This is an effective way to compute the ramification invariants, but one has to use the minimal polynomial of some primitive element, in particular it is of degree $[K:F]$. But for the above question, $f(x)$ may not be of degree $[K:F]$.

The following example seems to indicate that even if $f(x)$ is not the minimal polynomial of some primitive element, it is still enough to carry out the above effective algorithm:

• Example: $f(x)=x^3-x-1$, its discriminant is $\Delta=(-23)$, so that only $p=23$ is ramified in the splitting field $K$. The Galois group $\mathrm{Gal}(K/\mathbb{Q})\simeq S_3$ has three distinct conjugacy classes: $(1)$, $(12)$, $(123)$. For $p\neq 23$ unramified, the decomposition of $$(f(x)\bmod p)\in \mathbb{F}_p[x]$$ has three possibilities: (1) three linear factors; (2) one linear and one irreducible quadratic factor; (3) it is irreducible.

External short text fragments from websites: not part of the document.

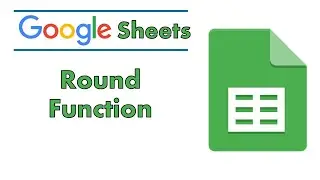 Google Sheets: Round Function Tutorial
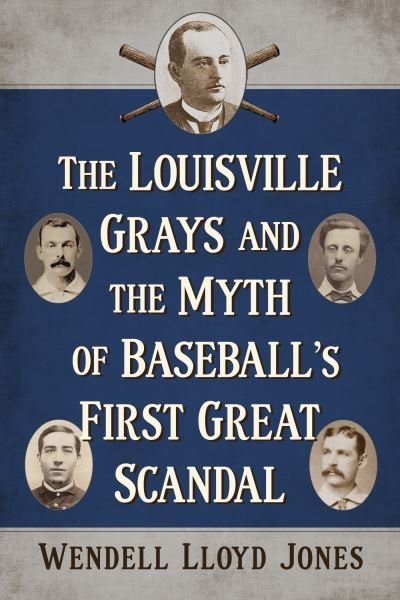 Cover for Wendell Lloyd Jones · The Louisville Grays and the Myth of Baseball's First Great Scandal (Paperback Book) (2024)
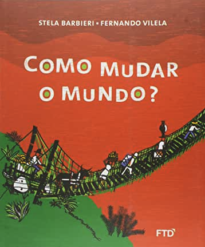 Como mudar o mundo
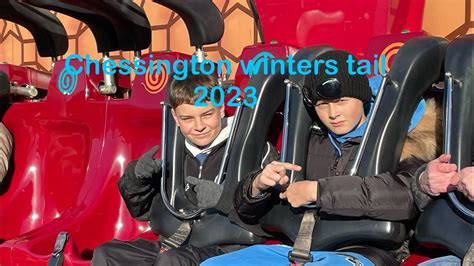 Chessington Winters Tail The Return YouTube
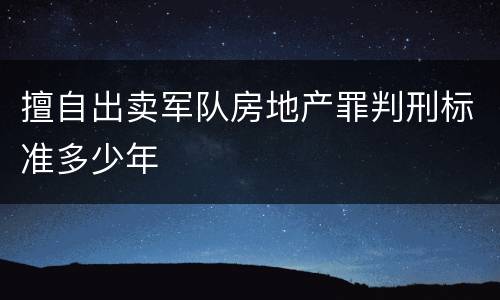 擅自出卖军队房地产罪判刑标准多少年
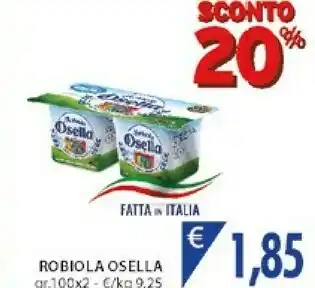 Mercatò Fattorie Osella La Robiola Osella offerta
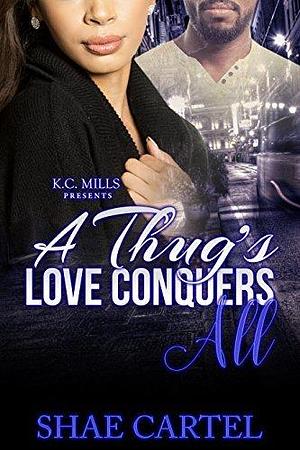 A Thug's Love Conquers All by Shae Cartel, Shae Cartel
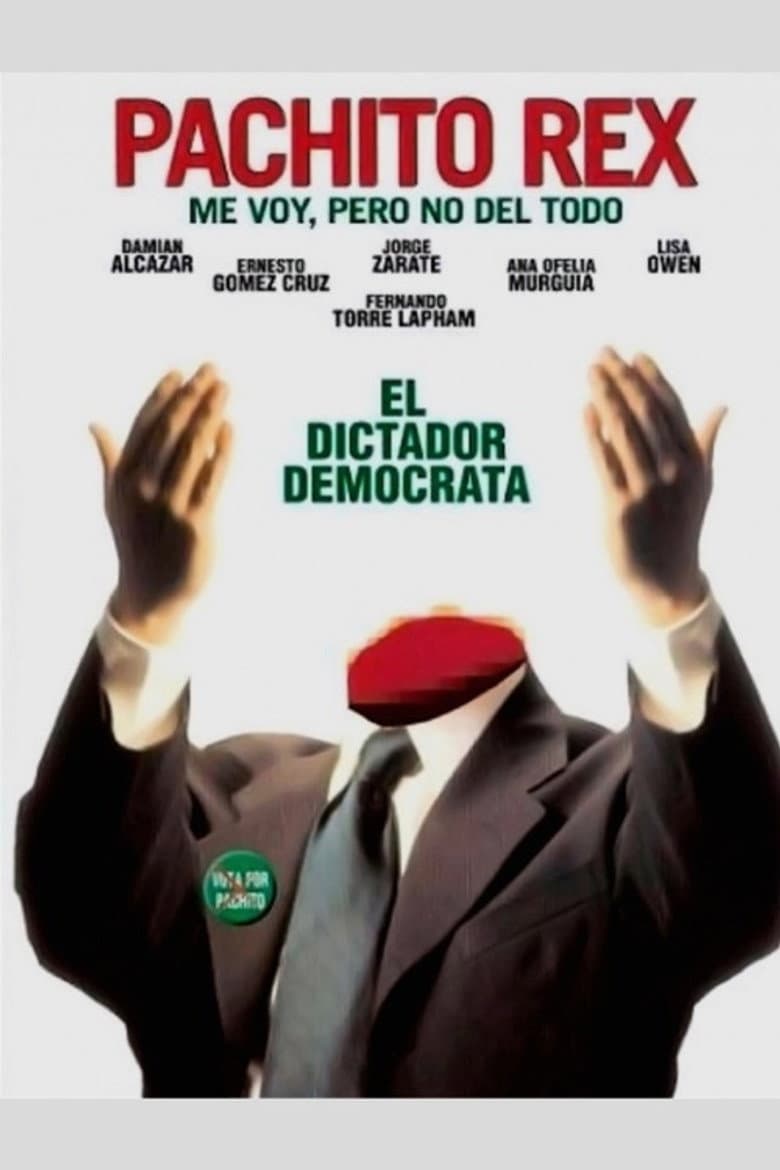 Pachito Rex: I'm Leaving but Not for Good poster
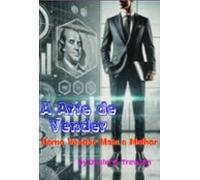 A Arte De Vender: Como Vender Mais E Melhor (ebook)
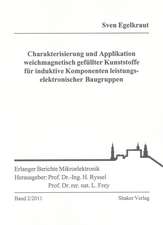 Charakterisierung und Applikation weichmagnetisch gefüllter Kunststoffe für induktive Komponenten leistungselektronischer Baugruppen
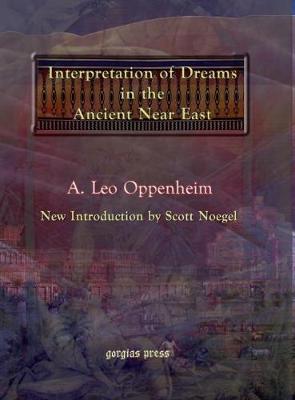 Book cover for The Interpretation of Dreams in the Ancient Near East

It turns out that these three possibilities correspond precisely to the situation when the Frobenius conjugacy class of $p$ is $(1)$, $(12)$, or $(123)$. Thus for this example, although the splitting field is of degree $6$, it suffices to carry out the modulo $p$ computation of $f(x)$, rather than the minimal polynomial of some primitive element (of degree $6$).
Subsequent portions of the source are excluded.